Irans Staatsoberhaupt Ali Khamenei und der Spitzenpolitiker der Hamas Ismail Haniyeh
Irans Staatsoberhaupt Ali Khamenei und der Spitzenpolitiker der Hamas Ismail Haniyeh

Interveniert Iran?

Offen ist, wie Iran auf diese geopolitische Neuordnung reagiert. Zweifellos werden Hardliner im Machtbereich des Revolutionssystems in Iran darauf drängen, jetzt nicht nur ihren Verbündeten Hamas zu unterstützen, sondern sich zugleich an Israel für dessen Geheimdienstaktionen im Land und die Ermordung des Atomwissenschaftlers Mohsen Fakhrizade am 27. November 2020 zu rächen. Gerade jetzt erklärten iranische Stellen, Beweise gefunden zu haben, dass Israel auch bei der Ermordung des Kommandeurs der Quds-Einheiten, Qassem Soleimani, am 3. Januar 2020 die Hand im Spiel gehabt hätte. Für das Establishment der islamischen Revolution böte sich zudem die Gelegenheit, ihren langandauernden Wettstreit mit dem System der Regierung für sich zu entscheiden. Die Machthaber des iranischen Revolutionssystems mit ihren Satrapen in Libanon (Hizbullah), Syrien (Regime Asad), Irak (Haschd) und Jemen (Ansar Allah, d. h. Huthi) könnten ihre Schlagkraft masslos überschätzen und ein Abenteuer wagen, das dann den Konflikt zu einem veritablen Krieg werden liesse.
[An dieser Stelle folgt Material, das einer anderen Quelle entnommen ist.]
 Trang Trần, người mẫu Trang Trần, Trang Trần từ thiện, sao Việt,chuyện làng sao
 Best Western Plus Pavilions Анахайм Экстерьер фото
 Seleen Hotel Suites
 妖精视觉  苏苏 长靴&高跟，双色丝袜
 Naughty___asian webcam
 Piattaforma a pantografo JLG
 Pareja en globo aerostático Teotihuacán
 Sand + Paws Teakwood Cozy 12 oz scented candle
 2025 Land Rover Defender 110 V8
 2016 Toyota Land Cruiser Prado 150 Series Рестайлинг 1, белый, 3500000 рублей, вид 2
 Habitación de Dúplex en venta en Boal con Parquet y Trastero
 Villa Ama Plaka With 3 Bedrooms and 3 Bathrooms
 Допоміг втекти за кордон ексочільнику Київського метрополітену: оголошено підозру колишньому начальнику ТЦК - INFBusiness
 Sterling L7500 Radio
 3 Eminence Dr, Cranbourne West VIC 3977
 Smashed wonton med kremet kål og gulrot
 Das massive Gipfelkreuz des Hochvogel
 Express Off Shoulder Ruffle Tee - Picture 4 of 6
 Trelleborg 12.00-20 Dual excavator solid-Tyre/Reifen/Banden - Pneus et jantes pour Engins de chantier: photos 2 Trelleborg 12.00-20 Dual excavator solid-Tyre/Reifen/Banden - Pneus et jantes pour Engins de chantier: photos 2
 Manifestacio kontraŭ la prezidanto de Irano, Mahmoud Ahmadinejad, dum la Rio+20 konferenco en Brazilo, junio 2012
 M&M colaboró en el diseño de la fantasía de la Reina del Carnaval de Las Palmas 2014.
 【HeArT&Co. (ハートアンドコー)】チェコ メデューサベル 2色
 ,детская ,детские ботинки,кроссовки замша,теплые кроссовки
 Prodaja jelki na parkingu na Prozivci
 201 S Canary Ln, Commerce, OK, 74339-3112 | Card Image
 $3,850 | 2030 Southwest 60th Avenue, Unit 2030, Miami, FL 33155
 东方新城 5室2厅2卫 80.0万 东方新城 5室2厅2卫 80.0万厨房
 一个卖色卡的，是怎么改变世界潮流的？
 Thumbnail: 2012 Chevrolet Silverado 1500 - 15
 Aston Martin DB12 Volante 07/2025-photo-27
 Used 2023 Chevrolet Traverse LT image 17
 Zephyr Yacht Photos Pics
Die Gesellschaft als Verliererin

Die regionalpolitische Gemengelage ist also anders als noch bei den letzten Konfrontationen zwischen Hamas und Israel 2014 oder gar 2006. Die Blockbildung hat sich so stabilisiert und die Freund-Feind-Schemata haben sich so verschärft, dass ein Ereignis wie in Jerusalem einen Sarajewo-Effekt haben könnte. 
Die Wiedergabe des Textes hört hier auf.